A synthetic phenotype dataset.

Description

A matrix containing simulated quantitative phenotype measures for 358 subjects (rows).

Usage

Format

An object of class matrix (inherits from array) with 358 rows and 1 columns.

Aggregate and Save Cross-validation Result for Single-omics Analysis

Description

Saves cross-validation results in a table with the user-defined directory and outputs penalty term with the highest testing canonical correlation, lowest prediction error, and lowest scaled prediction error.

Usage

aggregateCVSingle(
  CVDir,
  SCCAmethod = "SmCCA",
  K = 5,
  NumSubsamp = 500,
  verbose = FALSE
)

Arguments

CVDir

A directory where the result is stored.

SCCAmethod

The canonical correlation analysis method that is used in the model, used to name cross-validation table file, default is set to 'SmCCA'.

K

number of folds for cross-validation.

NumSubsamp

Number of subsampling used.

verbose

Logical; if TRUE, print progress messages during execution, otherwise run silently.

Value

A vector of length 3 with indices of the penalty term that (1) maximize the testing canonical correlation, (2) minimize the prediction error and (3) minimize the scaled prediction error.

Evaluation of Binary Classifier with Different Evaluation Metrics

Description

Evaluate binary classifier's performance with respect to user-selected metric (accuracy, auc score, precision, recall, f1 score) for binary phenotype.

Usage

classifierEval(
  obs,
  pred,
  EvalMethod = "accuracy",
  BinarizeThreshold = 0.5,
  print_score = TRUE
)

Arguments

obs

Observed phenotype, vector consists of 0, 1.

pred

Predicted probability of the phenotype, vector consists of any value between 0 and 1

EvalMethod

Binary classifier evaluation method, should be one of the following: 'accuracy' (default), 'auc', 'precision', 'recall', and 'f1'.

BinarizeThreshold

Cutoff threshold to binarize the predicted probability, default is set to 0.5.

print_score

Whether to print out the evaluation score, default is set to TRUE.

Value

An evaluation score corresponding to the selected metric.

Examples

# simulate observed binary phenotype
obs <- rbinom(100,1,0.5)
# simulate predicted probability
pred <- runif(100, 0,1)
# calculate the score
pred_score <- classifierEval(obs, pred, EvalMethod = 'f1', print_score = FALSE)
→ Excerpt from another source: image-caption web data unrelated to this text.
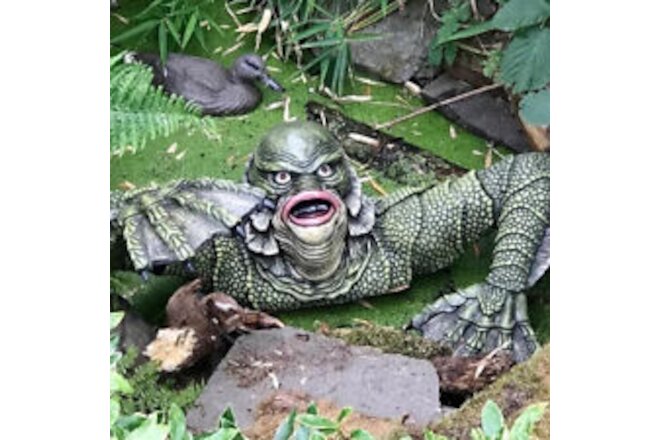 Creature from The Black Lagoon Grave Halloween Garden Decoration Monsters Resin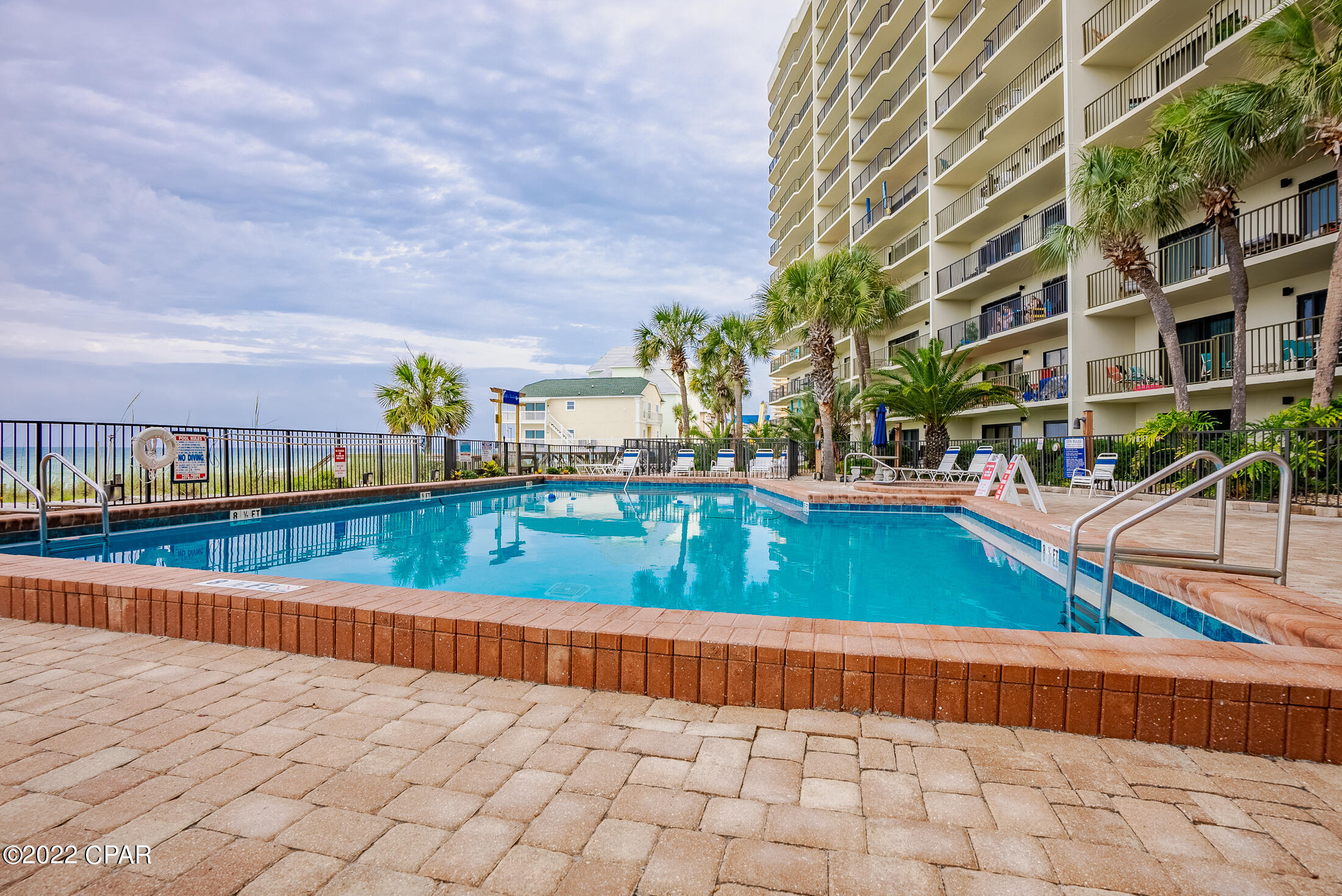 The Commodore - Residential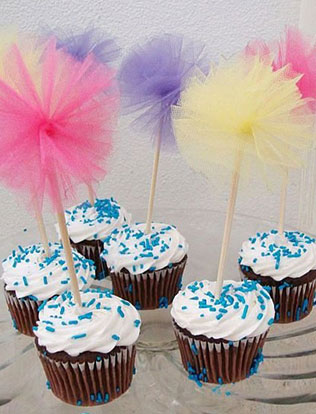 помпоны в декоре свадьбы, сладкий стол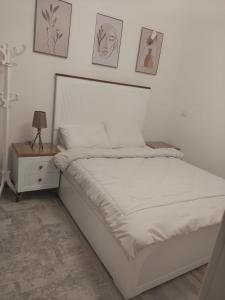 Mona Lakeside Apartment-Quiet Privado Madinaty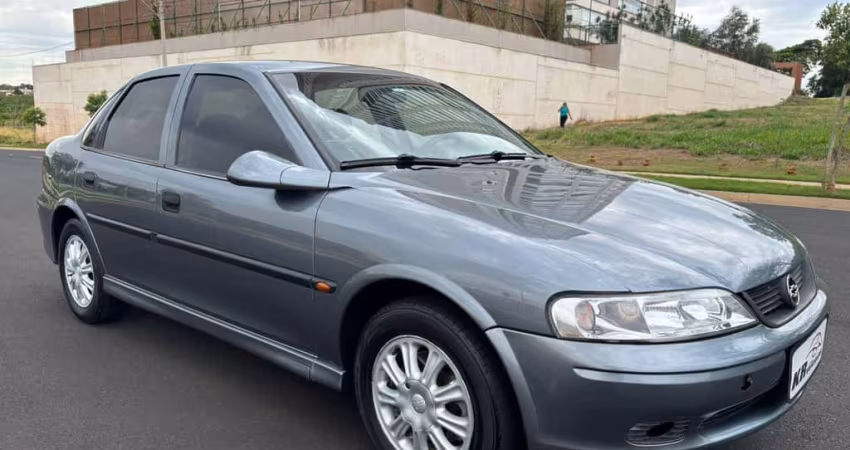 Chevrolet Vectra GLS Challenge 2000 - Cinza - 2000/2000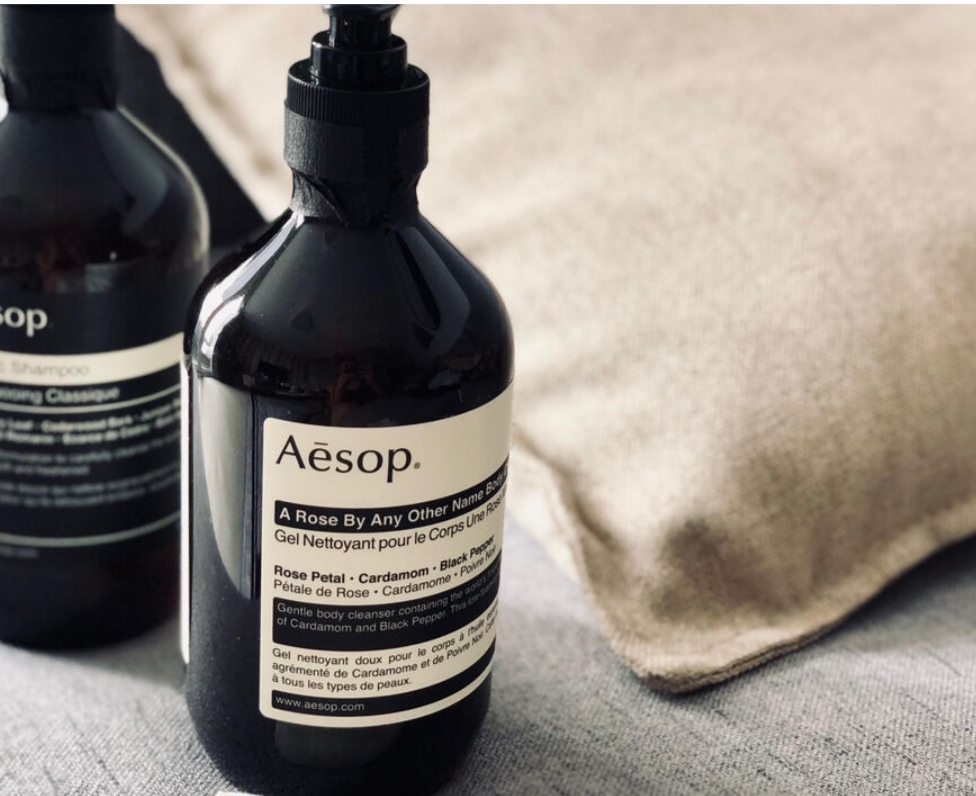 好羡慕吴千语,家里沐浴露很多,根据心情来挑选味道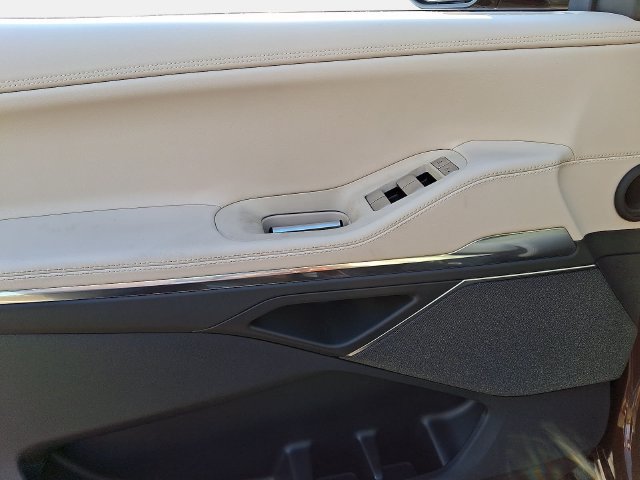 New 2027 Lincoln Navigator Reserve AWD/4WD image 10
preprocess a omics dataset before running omics SmCCNet

Description

Data preprocess pipeline to: (1) filter by coefficient of variation (cv), (2) center or scale data and (3) adjust for clinical covariates.

Usage

dataPreprocess(
  X,
  covariates = NULL,
  is_cv = FALSE,
  cv_quantile = 0,
  center = TRUE,
  scale = TRUE
)

Arguments

X

dataframe with the size of n by p, where n is the sample size and p is the feature size.

covariates

dataframe with covariates to be adjusted for.

is_cv

Whether to use coefficient of variation filter (small cv filter out).

cv_quantile

CV filtering quantile.

center

Whether to center the dataset X.

scale

Whether to scale the dataset X.

Value

Processed omics data with the size of nxp.

Examples


X1 <- as.data.frame(matrix(rnorm(600, 0, 1), nrow = 60))
covar <- as.data.frame(matrix(rnorm(120, 0, 1), nrow = 60))
processed_data <- dataPreprocess(X = X1, covariates = covar, is_cv = TRUE, 
cv_quantile = 0.5, center = TRUE, scale = TRUE)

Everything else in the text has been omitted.